Source records
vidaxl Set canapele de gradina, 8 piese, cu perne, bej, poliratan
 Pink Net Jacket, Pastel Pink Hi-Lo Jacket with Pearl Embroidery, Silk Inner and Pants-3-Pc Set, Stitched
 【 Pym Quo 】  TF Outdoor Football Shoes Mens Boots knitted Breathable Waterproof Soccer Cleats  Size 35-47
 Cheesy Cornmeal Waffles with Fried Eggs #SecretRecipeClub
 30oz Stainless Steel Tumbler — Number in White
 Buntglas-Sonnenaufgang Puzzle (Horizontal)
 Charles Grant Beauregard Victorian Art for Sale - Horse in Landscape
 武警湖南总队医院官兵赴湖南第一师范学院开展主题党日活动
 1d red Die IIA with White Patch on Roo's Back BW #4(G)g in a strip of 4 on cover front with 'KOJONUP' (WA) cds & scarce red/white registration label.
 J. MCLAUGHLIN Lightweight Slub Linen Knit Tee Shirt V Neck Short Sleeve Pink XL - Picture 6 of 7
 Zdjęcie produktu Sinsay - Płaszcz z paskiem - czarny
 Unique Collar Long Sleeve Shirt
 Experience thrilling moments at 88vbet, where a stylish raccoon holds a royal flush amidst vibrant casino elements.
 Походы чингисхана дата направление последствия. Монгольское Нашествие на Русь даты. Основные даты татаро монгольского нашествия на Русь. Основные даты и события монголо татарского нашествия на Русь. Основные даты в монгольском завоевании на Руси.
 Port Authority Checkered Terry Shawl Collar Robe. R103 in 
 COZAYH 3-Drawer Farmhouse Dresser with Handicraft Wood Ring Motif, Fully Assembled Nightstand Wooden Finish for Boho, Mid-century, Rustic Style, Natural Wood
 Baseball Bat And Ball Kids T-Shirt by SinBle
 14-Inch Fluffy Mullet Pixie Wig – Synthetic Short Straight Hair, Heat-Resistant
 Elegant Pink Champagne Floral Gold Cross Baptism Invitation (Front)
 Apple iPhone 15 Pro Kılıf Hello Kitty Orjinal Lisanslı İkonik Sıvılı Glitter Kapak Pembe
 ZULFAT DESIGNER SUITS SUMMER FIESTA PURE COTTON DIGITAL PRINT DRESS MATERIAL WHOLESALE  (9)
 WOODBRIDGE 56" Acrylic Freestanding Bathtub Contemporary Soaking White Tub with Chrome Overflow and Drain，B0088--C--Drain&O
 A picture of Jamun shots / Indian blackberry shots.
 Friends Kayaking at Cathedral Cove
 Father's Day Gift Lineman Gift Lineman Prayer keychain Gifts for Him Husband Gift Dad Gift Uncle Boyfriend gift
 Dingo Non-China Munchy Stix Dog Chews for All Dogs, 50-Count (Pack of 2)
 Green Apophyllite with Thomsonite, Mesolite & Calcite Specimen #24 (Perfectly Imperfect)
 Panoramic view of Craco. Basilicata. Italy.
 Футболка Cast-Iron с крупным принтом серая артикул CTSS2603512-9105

__What you are asked to do__.
Retype word for word the line above with "Panoramic view of Craco. Basilicata. Italy." and all lines after it, nothing else.

__Answer to this task__.
 Panoramic view of Craco. Basilicata. Italy.
 Футболка Cast-Iron с крупным принтом серая артикул CTSS2603512-9105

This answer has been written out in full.